Glücklicherweise hatte eines der Kinder ein Handy, die Realschüler meldeten sich bei Christine Gressierer. Diese ließ Arbeit Arbeit sein und holte die Truppe in Flintsbach ab. „Die Bahn-Securitys haben sich äußerst unverantwortlich gegenüber den Kindern verhalten“, findet Christine Gressierer, „ein anständiger Bahnbediensteter würde sich mit Sicherheit schämen.“ Ob es denn zu viel verlangt wäre, das Gehirn einzuschalten und menschlich zu handeln?

Annette Luckner, Sprecherin der Bayerischen Regionalbahn (BRB), ist verblüfft: „Wir können uns diesen Vorfall, so wie er von der Mutter geschildert wurde, nicht erklären. Unsere internen Nachforschungen haben ergeben, dass kein Kundenbetreuer und keine Kundenbetreuerin der BRB auf der genannten Strecke zu dieser Zeit im Zug war. Sogenannte „Security“ haben wir nicht im Einsatz.“ Kundenbetreuerinnen der Bahn würden Kinder nicht des Zuges verweisen – es sei denn, dieselben Kinder würden immer wieder ohne Maske angetroffen. „Unsere Kundenbetreuer*innen wissen selbstverständlich, dass eine medizinische Maske bei Kindern ausreicht und diese (bisher zumindest) keine FFP2-Maske tragen müssen.“ Das ist in öffentlichen Verkehrsmitteln erst ab 16 Jahren vorgeschrieben.

Wer waren die Uniformierten?

Die Bahn halte sich an alle offiziellen Vorgaben. Annette Luckner weiter: „Im Übrigen haben unsere Mitarbeiter für den Fall, dass jemand seine FFP2-Maske vergessen hat, solche Masken dabei und geben sie im Einzelfall dem Fahrgast kostenlos.“

Wenn es keine Bahn-Securitys waren, wer waren die beiden Uniformierten dann? Für die Bahn ist die Bundespolizei zuständig.
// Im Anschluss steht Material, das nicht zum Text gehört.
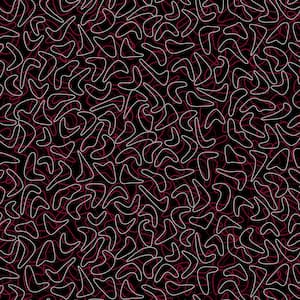 5 ft. x 12 ft. Laminate Sheet in Ebony Red Boomerang with Virtual Design Gloss Finish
Deren Rosenheimer Sprecher Rainer Scharf taucht auf Anfrage der Redaktion hin erstmal in sämtliche Unterlagen ab. Und meldet sich mit der Erkenntnis: kein Einsatz an oder in dem Zug, keine Maßnahme, kein Eintrag ins Tagesbuch vom vergangenen Dienstag. „Bei uns gibt es nichts, was auf den Vorfall mit den Buben hinweist.“ Außerdem hätten seine Kollegen „so viel Verstand, Kinder nicht dort aus einem Zug zu werfen, wo sie nicht hingehören“, so Scharf. Ob der Rückmeldungen von Regionalbahn und Bundespolizei ist nun wiederum Christine Gressierer verblüfft. Die Buben hätten sich das sicher nicht einfach ausgedacht und wären aus Gaudi in Flintsbach ausgestiegen. „Das sind richtig nette Buben, die machen das nicht.“ Dann hätten sie auch nicht sofort bei ihr angerufen. Spannend finde sie es schon, dass sich jemand als Security-Mitarbeiter ausgibt und Kinder aus dem Zug wirft. Das findet Bundespolizist Rainer Scharf auch.
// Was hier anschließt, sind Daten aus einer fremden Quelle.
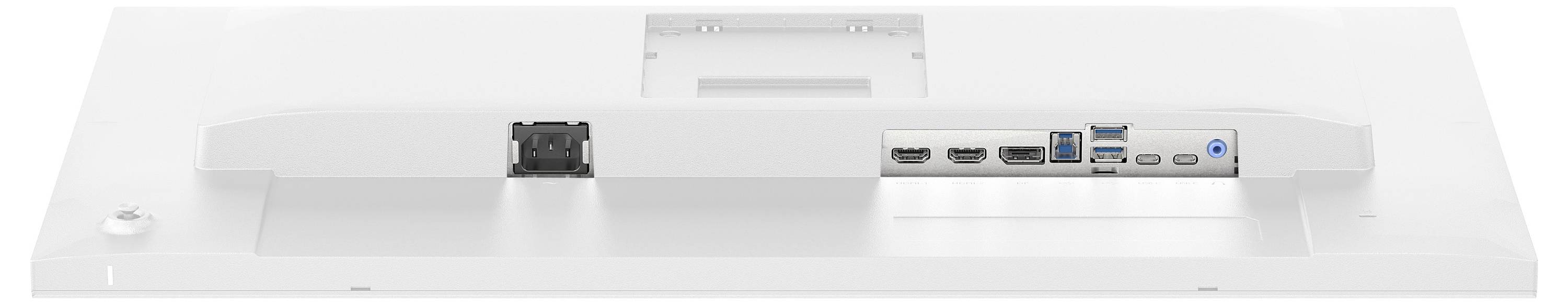 Zadní panel monitoru se porty USB a HDMI, prezentující dostupné možnosti připojení.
Bei der Arbeit reicht OP-Maske

Dass die vermeintlichen „Sicherheitskräfte“ ebenfalls OP-Masken trugen, keine FFP2-Masken, wie Christine Gressierer gegenüber der Heimatzeitung anmerkt, ist in Ordnung. Auch die Verkäuferin in der Bäckerei trägt hinter dem Tresen OP-Maske, während der Butterbreznkäufer vor dem Tresen eine FFP2-Maske im Gesicht hat. Wer im Einzelhandel, der Gastronomie oder im öffentlichen Nahverkehr arbeitet, muss keine FFP2-Maske tragen, die OP-Maske reicht aus. Ist die Person mit einer (Plexi-)Glasscheibe von den Kunden getrennt, muss sie gar keine Maske tragen.